"I'm running the lightest portfolio of my life, and I'm delighted about it," one trader told me this morning, sheepishly admitting he is 70 percent in cash. With a pile of puts.
That is one reason we get these wild swings: Guys are forced back into the market, either to cover or just to make sure they don't fall behind on days when the market is up.
Greece will likely get the next 8 billion euro ($11 billion) tranche of aid, so day of reckoning is put off into October for them. Of course, everyone knows this is kicking the can, but it's enough to keep the markets relatively calm this morning.
While many traders believe that the European Financial Stability Facility (EFSF) may morph into a TARP-like program, or that euro bonds are inevitable, the Germans remain adamantly opposed. German Chancellor Angela Merkel again rejected euro bonds today, saying, ''In order to bring about common interest rates, you need similar competitiveness levels, similar budget situations. You don't get them by collectivizing debts."

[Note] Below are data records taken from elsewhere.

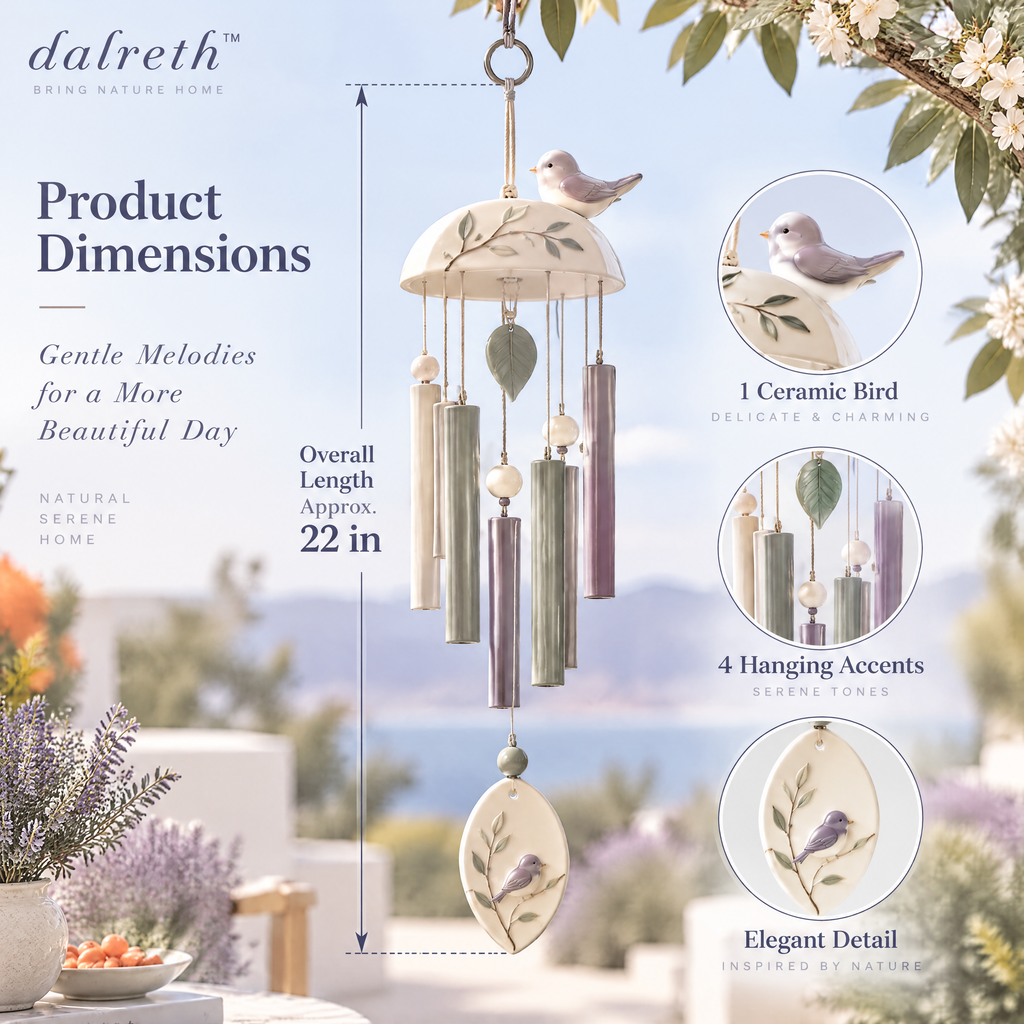 𝒅𝒂𝒍𝒓𝒆𝒕𝒉™ Little Bird Ceramic Garden Wind Chime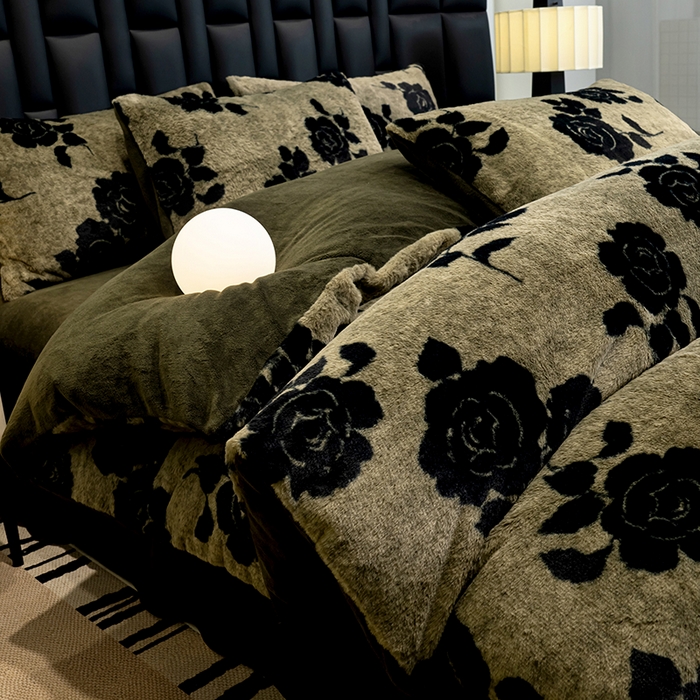 元禾家纺 2025新款法式美拉德高克重兔毛床盖款四件套兔毛简单款 玫瑰庄园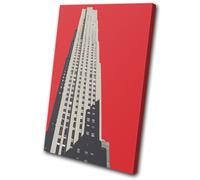 Empire State Building New York Modern City SINGLE TELA parete arte foto stampa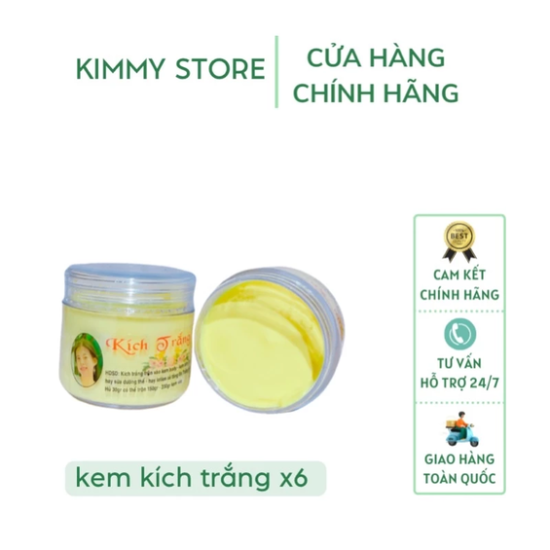 Lẻ hộp kem kích trắng X6 hà anh màu vàng 30g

To my knowledge, only France, Belgium, and Spain have approved the espansion of the EFSF. That means 14 more countries.
1. Notice how futures rallied at 9 a.m. ET? On these headlines: "ECB, FED, SNB, BOJ AND BOE to launch new coordinated repo operations."
2. Futures dipped a few points at 8:30 a.m. ET as initial jobless claims for the week were a bit higher than expected, and the consumer price index for August was a bit hotter than expected, at up 0.4 percent.
3. Another rogue trader in Europe? A $2 billion loss at UBS investment banking division? It's almost moot to ask if the loss was in equities or fixed income. My favorite quote is from Chris Roebuck, Visiting Professor at Cass Business School in London, who told Reuters: "It will yet again confirm to the majority of shareholders who are Swiss that investment banking is not 'proper' banking, as private banking is."
4) George Soros: The path out of the euro crisis is through Germany. In an article in the New York Review of Books, Soros discussed the flaw at the heart of the euro crisis: The lack of a common treasury. He notes that the EFSF and, after 2013, its successor the European Stability Mechanism (ESM), could serve as a treasury, but it "is not adequately capitalized and its functions are not adequately defined." It is really only set up to provide rescue packages for Ireland, Portugal and Greece.
The biggest problem: It can only raise funds—the authority to spend money is in the hands of the member countries. "This renders the EFSF useless in responding to a crisis; it has to await instructions from the member countries," Soros says.
The recent decision by the German constitutional court, which prohibited any future spending without the approval of the Bundestag, is an example of the problem.
"It is imperative to prepare for the possibility of default and defection from the euro zone in the case of Greece, Portugal, and perhaps Ireland," Soros said.
1. Bank deposits have to be protected.
2. Some banks in the defaulting countries have to be kept functioning in order to keep the economy from breaking down.
3. The European banking system would have to be recapitalized and put under European, as distinct from national, supervision.
4. Government bonds of the other deficit countries would have to be protected from contagion.
How to pay for this? "The creation of a European treasury with the power to tax and therefore borrow," Soros said. But to do this and transform the EFSF into a treasury would require a new treaty.
What about opposition in Germany? "The German public still thinks that it has a choice about whether to support the euro or to abandon it. That is a mistake," Soros said. "The euro exists and the assets and liabilities of the financial system are so intermingled on the basis of a common currency that a breakdown of the euro would cause a meltdown beyond the capacity of the authorities to contain. The longer it takes for the German public to realize this, the heavier the price they and the rest of the world will have to pay."